Problem:
Return, with both end lines included, exactly what the data below holds from the line with "Foto del edificio - 3134 Casa Bonita Dr" through the line with "lot 5 image: 14", though not the pictures.

Recorded data:
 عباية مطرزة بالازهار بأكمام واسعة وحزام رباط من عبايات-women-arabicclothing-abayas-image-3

--

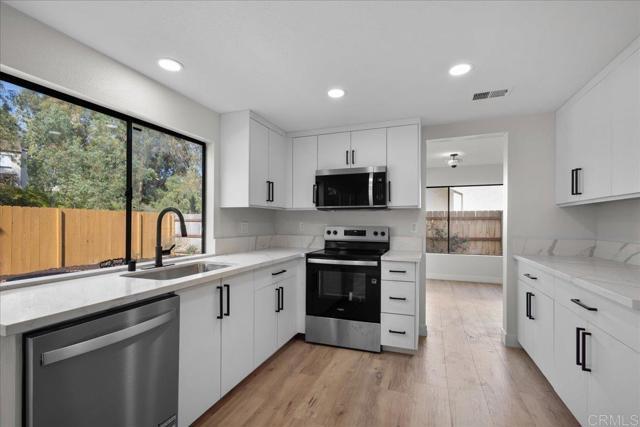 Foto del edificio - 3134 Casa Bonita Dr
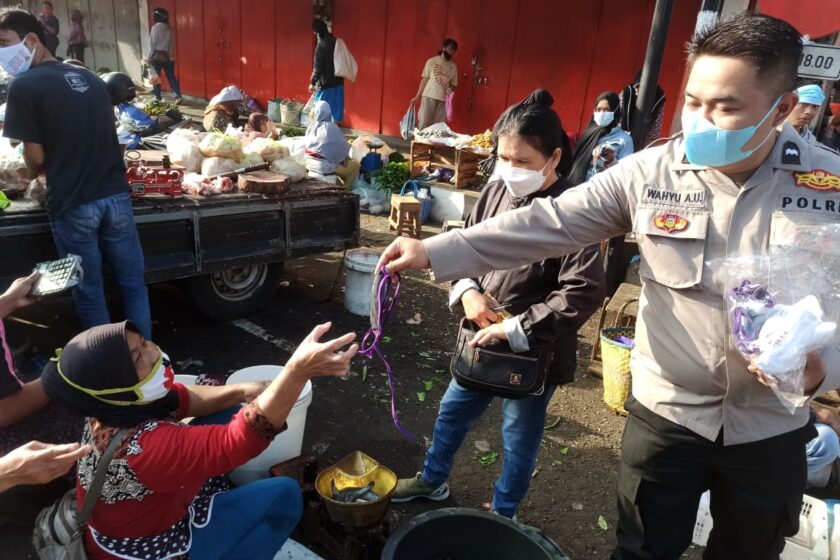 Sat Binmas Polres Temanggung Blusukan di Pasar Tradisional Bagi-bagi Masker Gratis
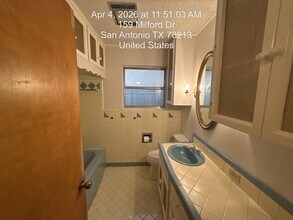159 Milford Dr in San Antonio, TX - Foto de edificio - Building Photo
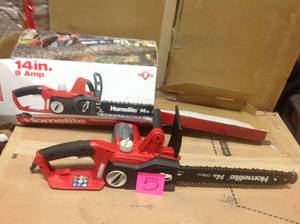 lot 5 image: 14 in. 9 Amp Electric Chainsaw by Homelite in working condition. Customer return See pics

Result:
 Foto del edificio - 3134 Casa Bonita Dr
 Sat Binmas Polres Temanggung Blusukan di Pasar Tradisional Bagi-bagi Masker Gratis
159 Milford Dr in San Antonio, TX - Foto de edificio - Building Photo
 lot 5 image: 14 in. 9 Amp Electric Chainsaw by Homelite in working condition. Customer return See pics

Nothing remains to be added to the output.